Wednesday, April 16, 2014

Horses, Autos, Rockets

As pointed out in two earlier post, deciding how to focus the Point of View, or the place from which the reader “listens in” and/or “watches” will dictate how the story is written. The last decision in what voice to use is the time—past, present, or future—marked by the verb used. However, all of these do not have a place in some languages. Focusing on English usage, here are simplified examples.



In the Past

Past tense is the most common form in story-telling. Events are depicted as occurring sometime before the current moment or the time at which the narrative is constructed or expressed to an audience. (They ran, they saw, they were.)


In the Present

Events are depicted as occurring at the current moment as if in real time. (They run, they see, they are.) 

In the Future

Events occur at some time in the future, often as if the narrator has some kind of foreknowledge. Future-tense stories often have a prophetic tone and are very rare in literature. (They will.)
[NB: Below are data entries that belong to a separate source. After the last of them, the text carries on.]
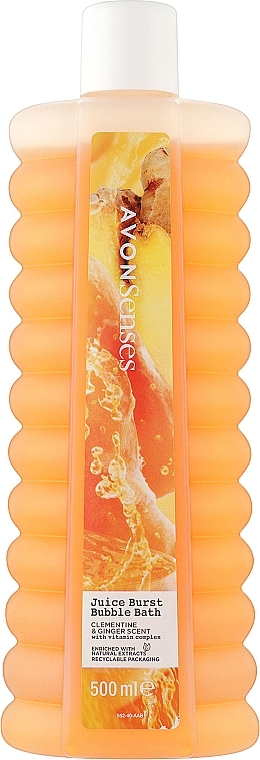 Піна для ванн з ароматом клементину та імбиру - Avon Senses Juice Burst Bubble Bath Clementine & Ginger Scent — фото N1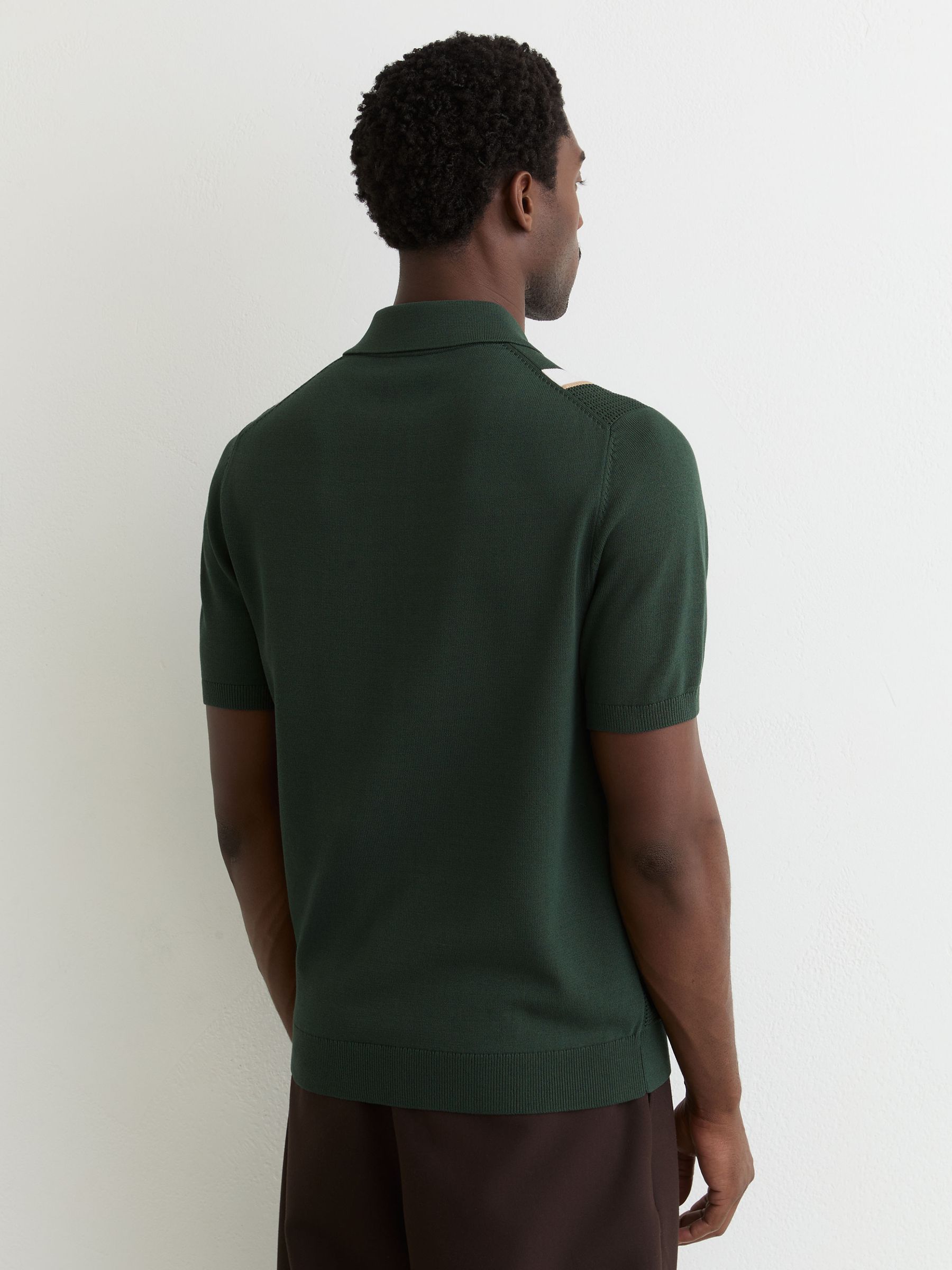 Argyle Half-Zip Knitted Polo Shirt in Dark Green - Image 5 of 6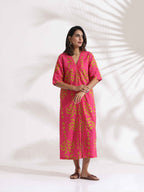 trueBrowns Pink Cotton Print pleated Dress - Distacart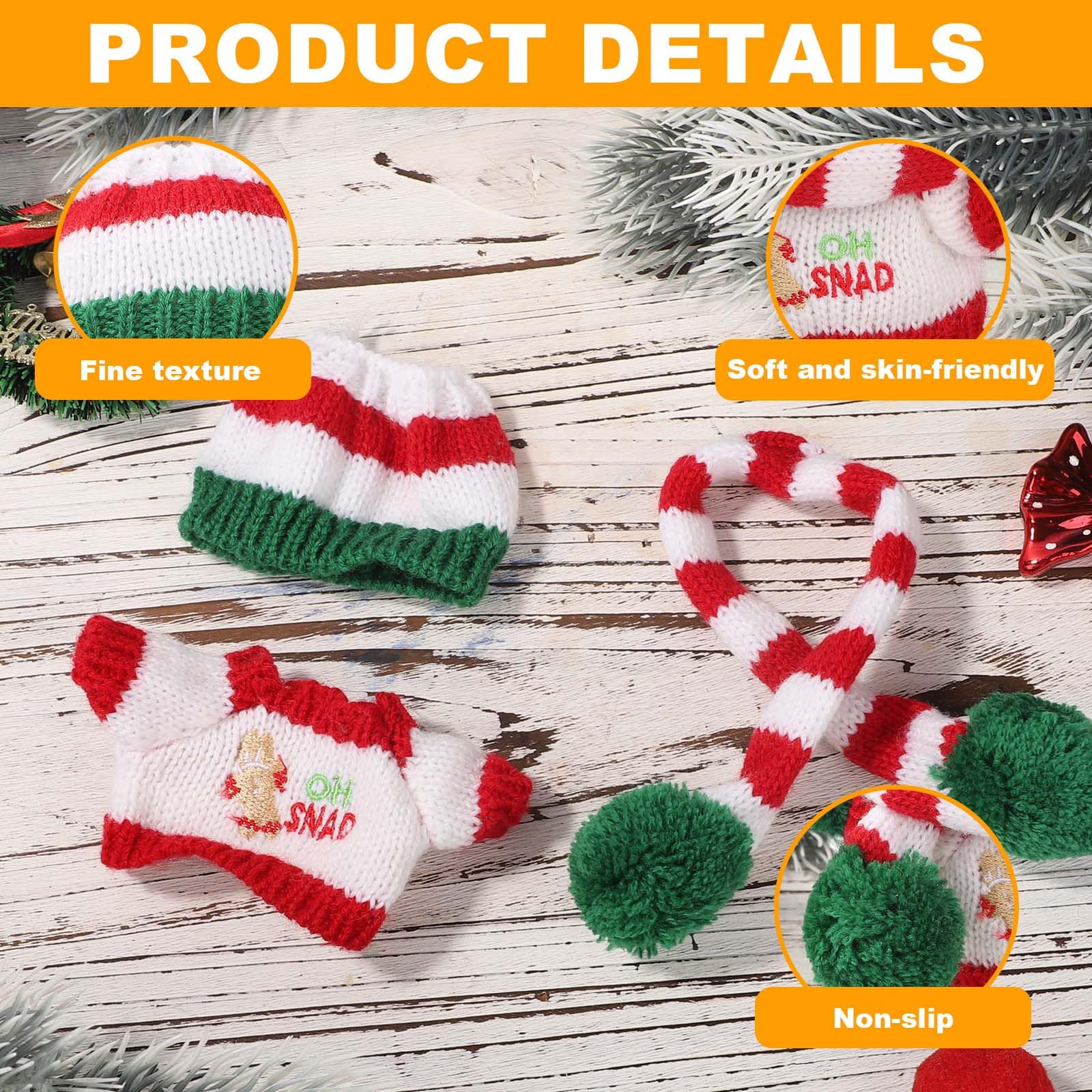 Penitue 17cm Plush Doll Clothes Clothing Set, 3-Piece Adorable Cute Green Red White Christmas Clothes with Mini Scarf & Hat - Image 3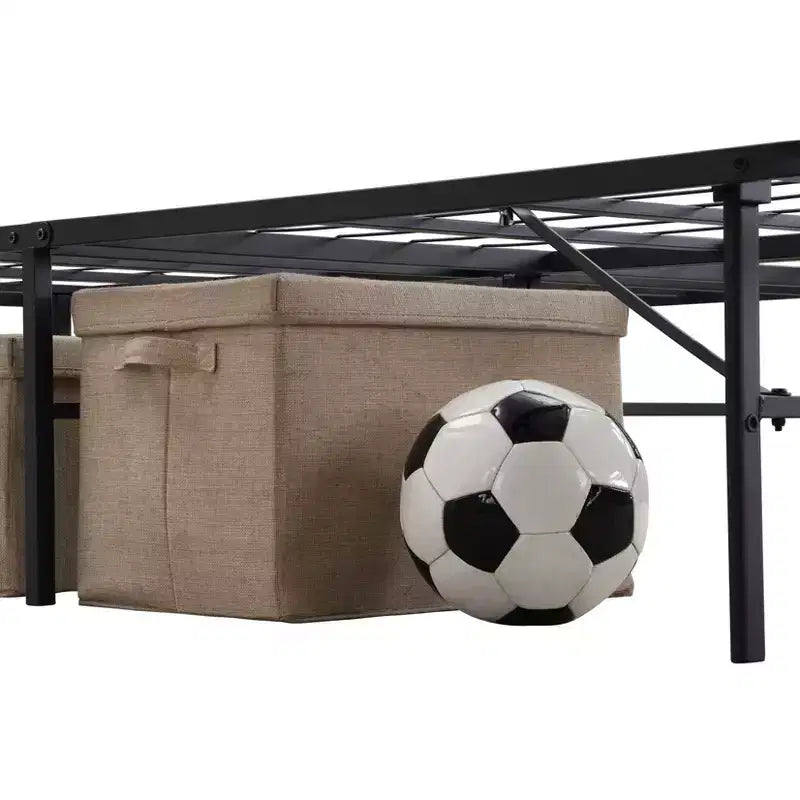 Cadre de lit plateforme pliable en métal Bellemave, 14 lattes en acier robuste, aucun sommier tapissier requis, assemblage facile, rangement sous le lit, noir, taille Queen/King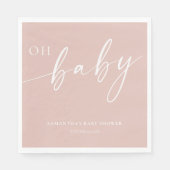 モダン赤面シンプルピンクああ赤ちゃん女の子の赤ちゃんシャワー スタンダードランチョンナプキン (正面)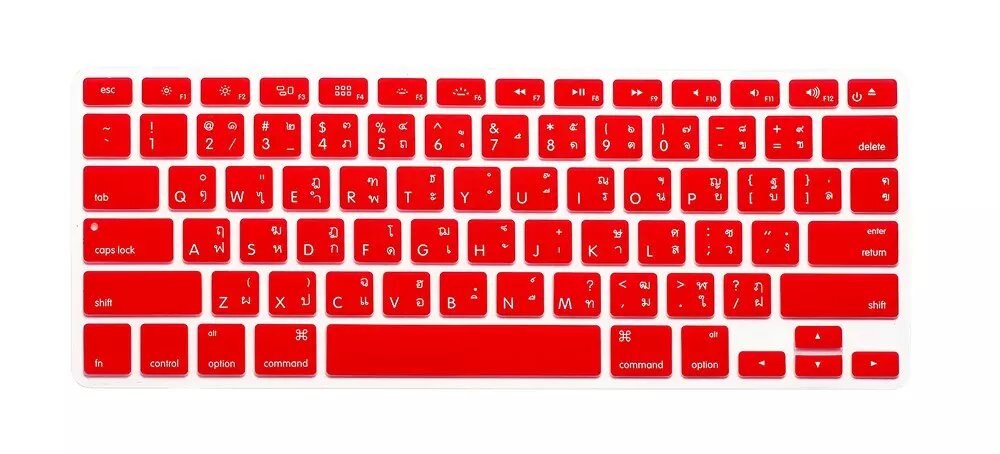 Thai us keyboard cover skin til macbook air 13 15 pro retina 13.3 15.4 thailand keyboard protector til apple mac book keyboard: Rød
Any discussion of word tense can become complicated with technical aspects, an English teacher or grammarian's delight, putting most of us to sleep. These discussions on Point of View are simply food on a writer's table from which he or she will select to partake.

Seen in its entirety, the Point of View is the most important decision a writer must make before putting down the first word as it dictates how the story is told. Fortunately, this writer works in a temperate climate so that it is possible to sit in a lounger outside and mentally play with various forms, and then going to the trouble of writing some of the opening chapter using various forms of voice, place, and time. Even then, on one occasion, half way through a tale I was not at all happy with the choice, necessitating a major revision.